Italy, Croatia, Serbia: Europeans struggle to cope as heatwaves strike

Europe is the fastest-warming continent on Earth, with temperatures rising at roughly twice the global average.

Weather alerts, forest fires, melting pavement in cities: A deadly heatwave has sent temperatures in parts of central and southern Europe soaring toward 40 degrees Celsius.

From Italy to Romania, authorities warned people to be cautious, drink plenty of water and avoid going outside during the hottest hours of the day.

Italian authorities declared a red weather alert in seven cities on Thursday, mostly in the central parts of the country but also the capital Rome and Trieste in the northeast. The heat conditions are aggravated by humidity and could affect healthy people as well as those with health conditions, authorities warned.

With summer heatwaves starting ever earlier and 13 months in a row of record-breaking temperatures, some experts have asked whether this could be Europe's hottest summer ever.

Similar warnings were issued in neighbouring Croatia and further east and south. Croatia's main tourism resort, the southern Adriatic Sea town of Dubrovnik, recorded 28 degrees Celsius at dawn, signalling there won't be relief when the sun goes down.

Forest fires have been reported this week in Albania, near the border with Greece, as well as in Bosnia and Italy. Several blazes raged Thursday in Greece's southern Corinth area and on the eastern Aegean Sea island of Lesbos.

Warnings were issued for the region surrounding the capital Athens and other parts of central Greece Thursday, with a similar warning for the northeast of the country Friday.

Greek authorities have said that the country faces its highest wildfire risk in two decades this summer, following a mild, largely rainless winter and spring that have left vegetation tinder-dry.

This is off the back of 2023 being one of Greece's worst summers ever for wildfires when thousands had to leave their homes with untold damage to wildlife and biodiversity.

Meteorologists said temperatures were even higher than officially reported in big cities where sizzling concrete radiates the heat upwards and the asphalt softens under one's feet.

“It was impossible to breathe yesterday," said Antonela Spičanović, from the Montenegrin capital of Podgorica, where temperatures reached 39C on Wednesday. The city seemed deserted with many of its residents staying indoors or heading for the Adriatic Sea coast or the mountains.

“I spend my days in the apartment, under the air conditioning," said Đorđe Stanišić, an electrical engineer also from Podgorica. “It’s hell outside.”

Mendim Rugova, a meteorologist from neighboring Kosovo, said temperatures in the country have risen on average by 2.5 degrees since the 1980s. He said the current heat wave could last until the end of July.

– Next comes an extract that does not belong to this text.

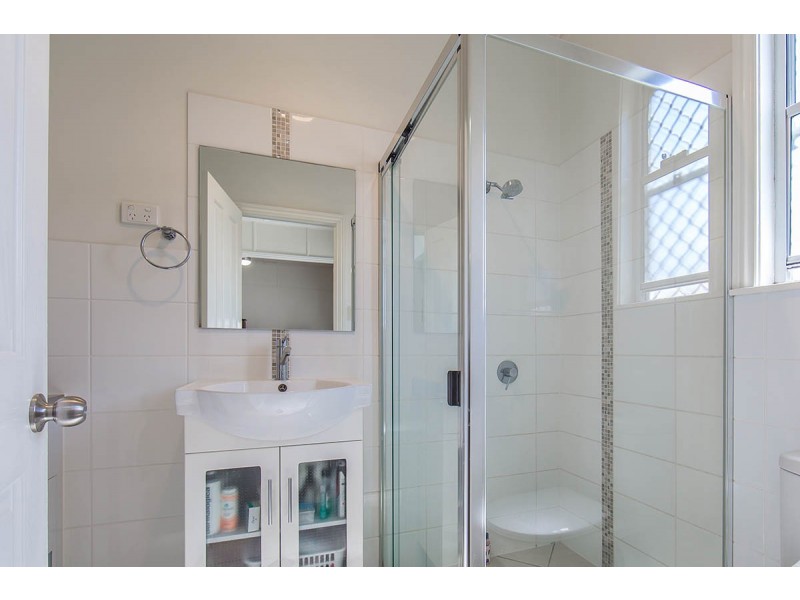 17 Kate Street, Woody Point QLD 4019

“In the region we could see temperatures above 40C, in parts of Albania, Northern Macedonia, in Greece and also in parts of Serbia,” he predicted.

In Czechia’s capital of Prague, where temperatures reached 34C Wednesday before dropping slightly Thursday, the city zoo use ten tons of ice to provide much-needed relief for the animals.

The ice was strategically placed around the zoo yesterday, creating cool spots where animals could find refuge from unusually high temperatures.

In the Romanian capital Bucharest, street thermometres showed 42C on Tuesday and Wednesday though the official measurements were a few degrees lower.

Neighbouring Serbia reported record temperatures so far this summer, with thermostats at 35C Thursday morning in the north of the country.

In the capital Belgrade, doctors reported treating people who collapsed, felt dizzy or complained of headaches due to the heat.

The World Meteorologicasl Organization and EU's Copernicus has previously warned that Europe is the fastest-warming continent, which comes with devastating health impacts, with temperatures rising at roughly twice the global average.

Serbian authorities have said that the use of air conditioning led to huge power consumption similar to levels normally seen in winter, when many in the Balkan country use electricity for heating.

During a previous heatwave last month, Montenegro, Bosnia, Croatia and Albania faced a major power outage amid the overload and a collapse of a regional distribution line. Earlier this month, a powerful storm swept the region after days of heat and killed two people, damaged houses while pulling out trees and flooding streets.

Experts say human-induced climate change has brought wild weather swings, increasingly unpredictable storms and heatwaves.